**EXERCISE INSTRUCTIONS**
Output the records below verbatim, minus the pictures.

**EXTRACTED MATERIAL**

#####

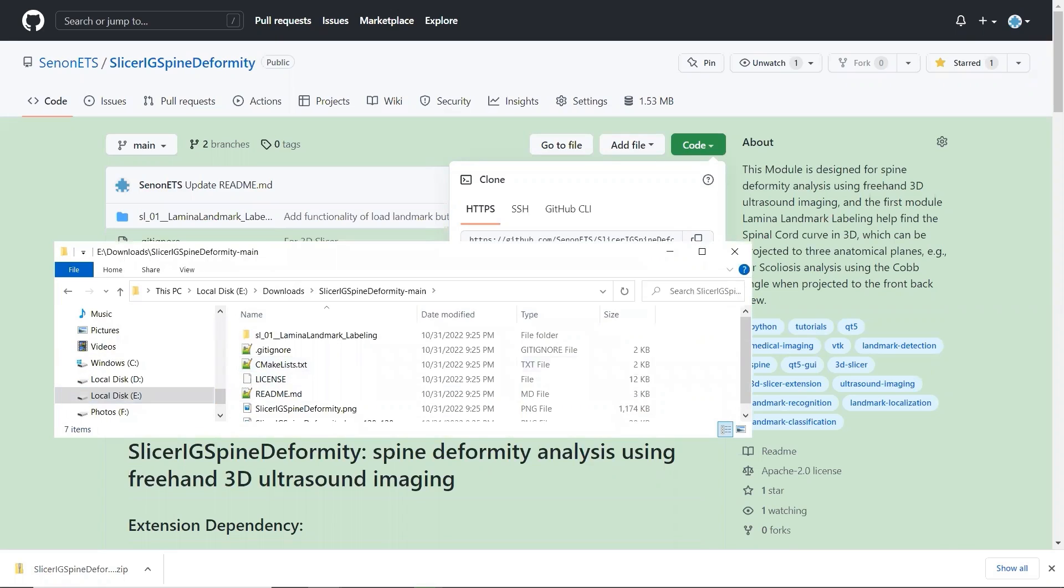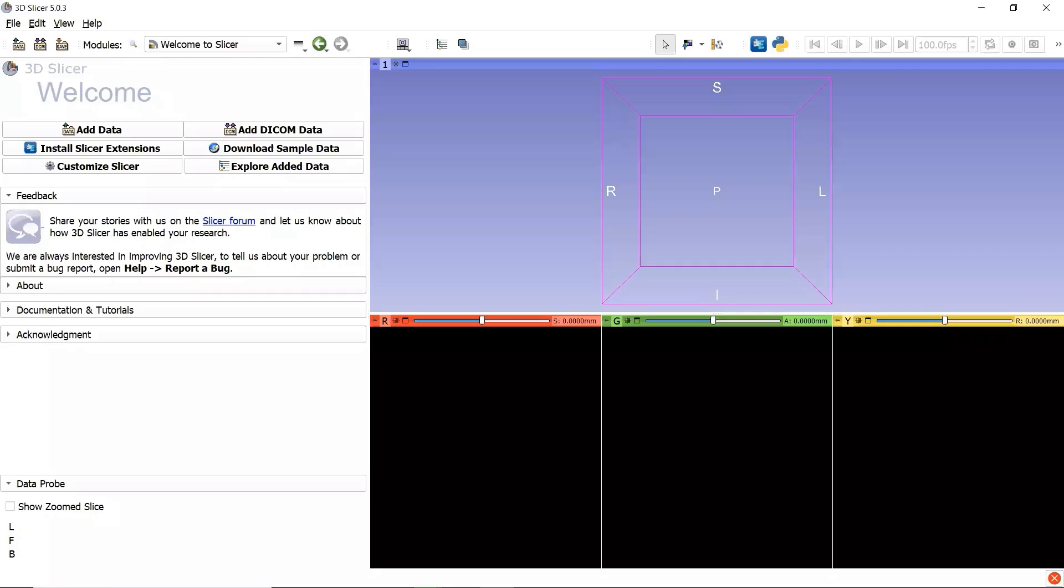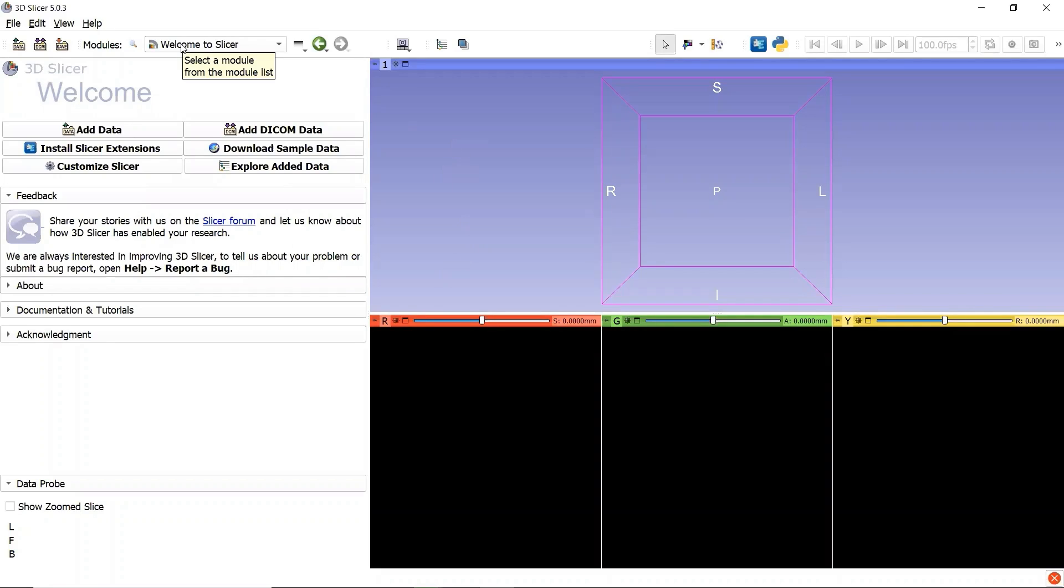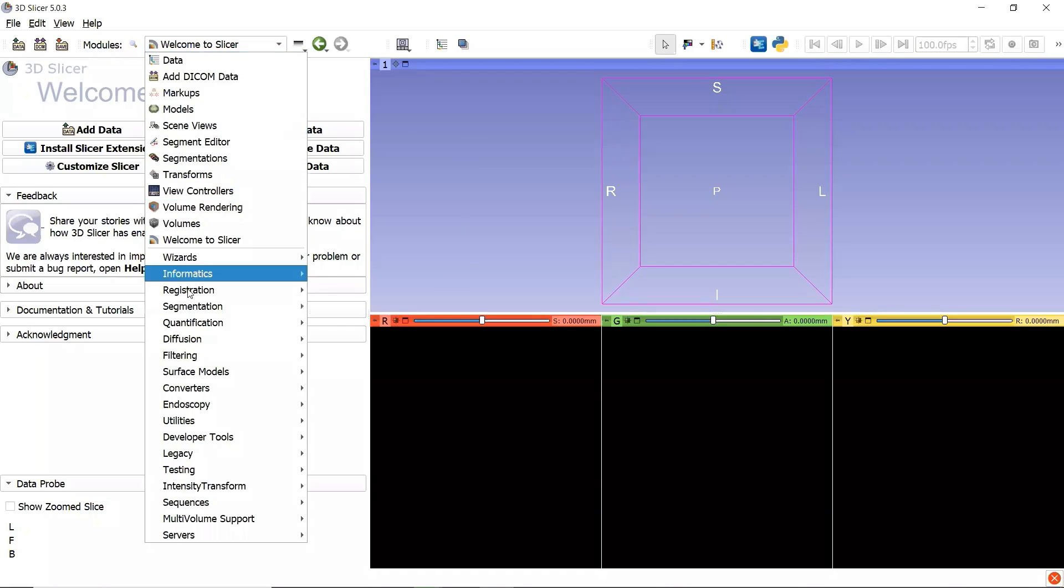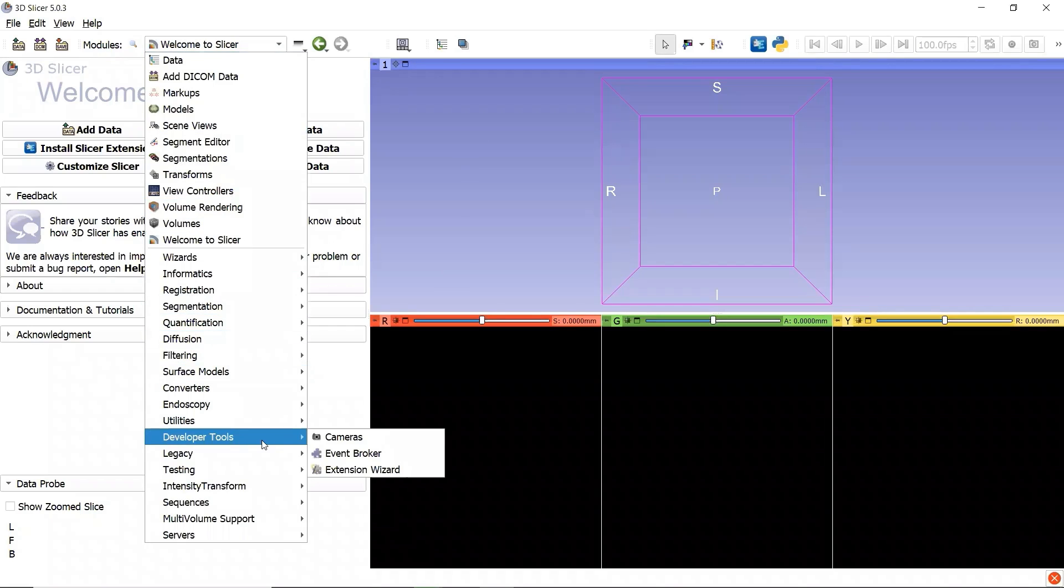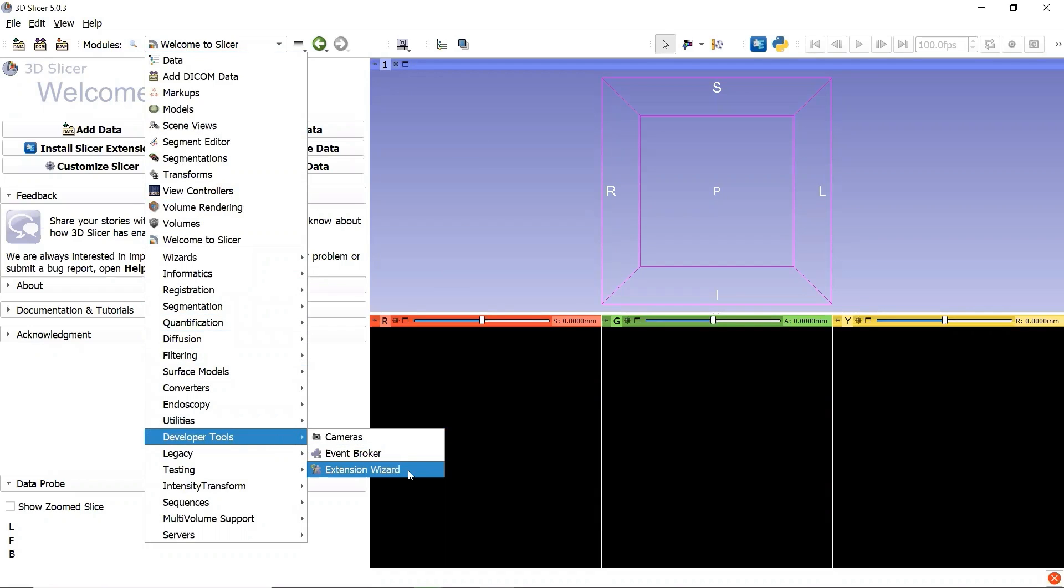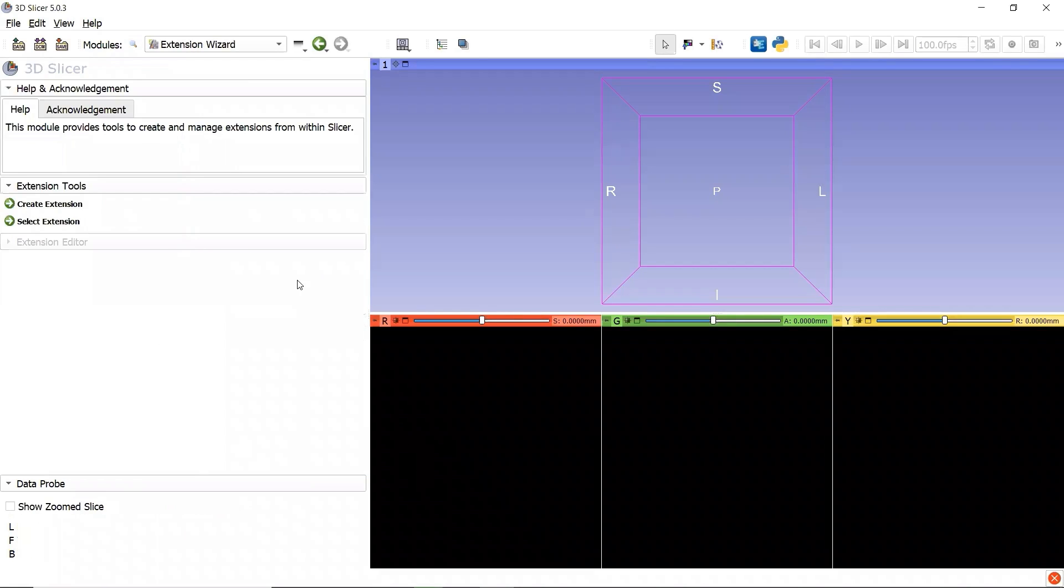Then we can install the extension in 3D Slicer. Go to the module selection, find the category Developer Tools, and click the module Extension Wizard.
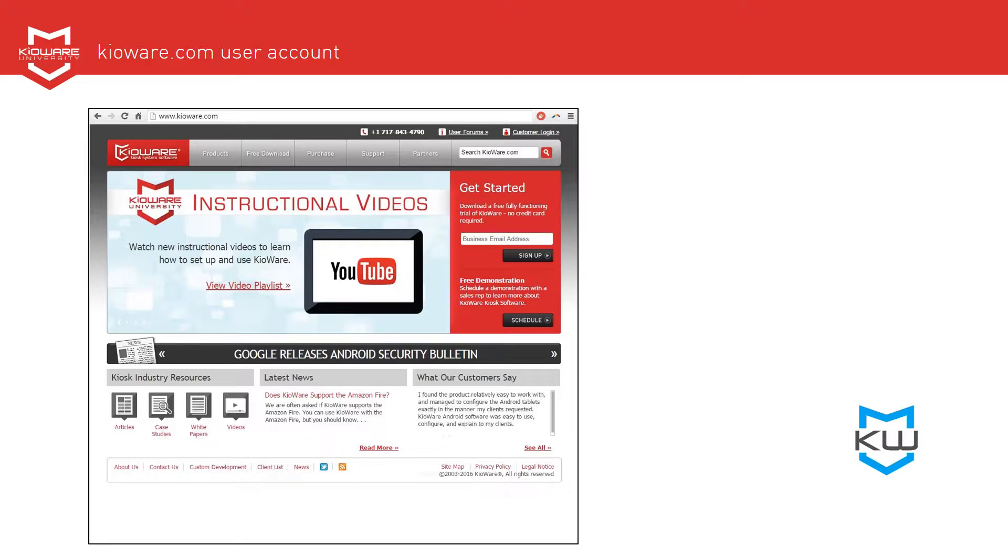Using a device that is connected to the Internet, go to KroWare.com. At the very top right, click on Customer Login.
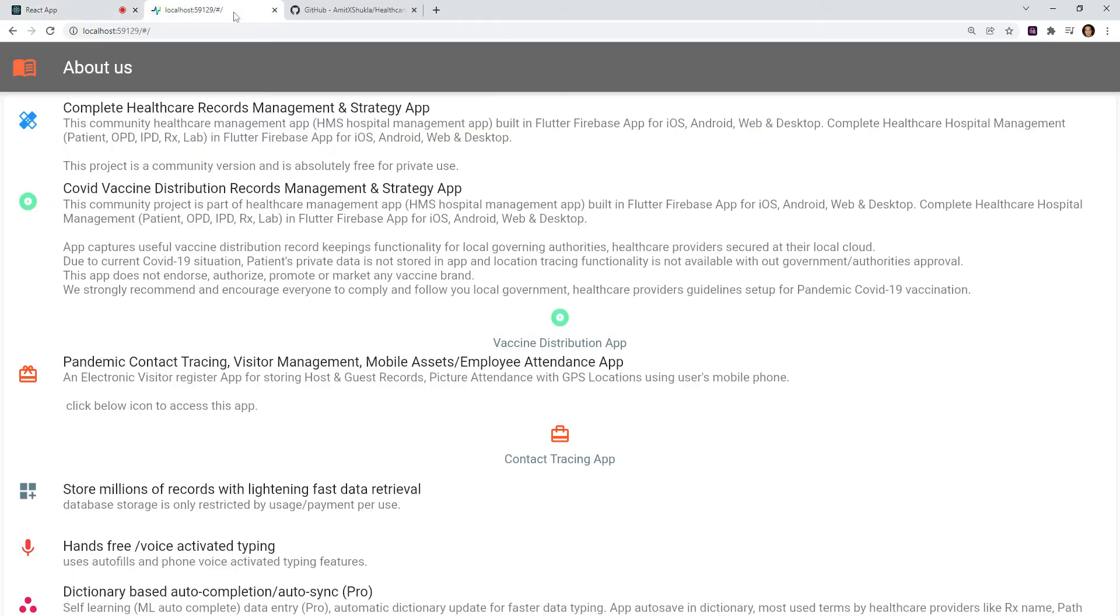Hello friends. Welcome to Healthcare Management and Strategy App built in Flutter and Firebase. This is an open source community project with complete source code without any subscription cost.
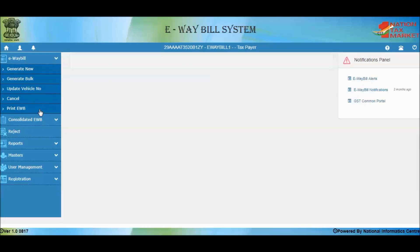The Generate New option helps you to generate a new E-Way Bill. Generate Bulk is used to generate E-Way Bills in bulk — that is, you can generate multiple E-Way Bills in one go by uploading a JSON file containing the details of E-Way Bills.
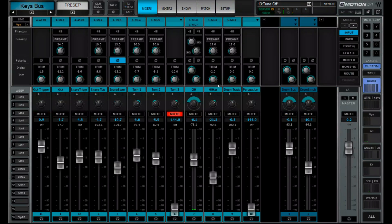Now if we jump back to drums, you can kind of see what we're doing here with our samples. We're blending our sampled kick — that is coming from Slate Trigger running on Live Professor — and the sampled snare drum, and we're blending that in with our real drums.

#####

**THE COMPLETED TASK**
Then we can install the extension in 3D Slicer. Go to the module selection, find the category Developer Tools, and click the module Extension Wizard.
Using a device that is connected to the Internet, go to KroWare.com. At the very top right, click on Customer Login.
Hello friends. Welcome to Healthcare Management and Strategy App built in Flutter and Firebase. This is an open source community project with complete source code without any subscription cost.
The Generate New option helps you to generate a new E-Way Bill. Generate Bulk is used to generate E-Way Bills in bulk — that is, you can generate multiple E-Way Bills in one go by uploading a JSON file containing the details of E-Way Bills.
Now if we jump back to drums, you can kind of see what we're doing here with our samples. We're blending our sampled kick — that is coming from Slate Trigger running on Live Professor — and the sampled snare drum, and we're blending that in with our real drums.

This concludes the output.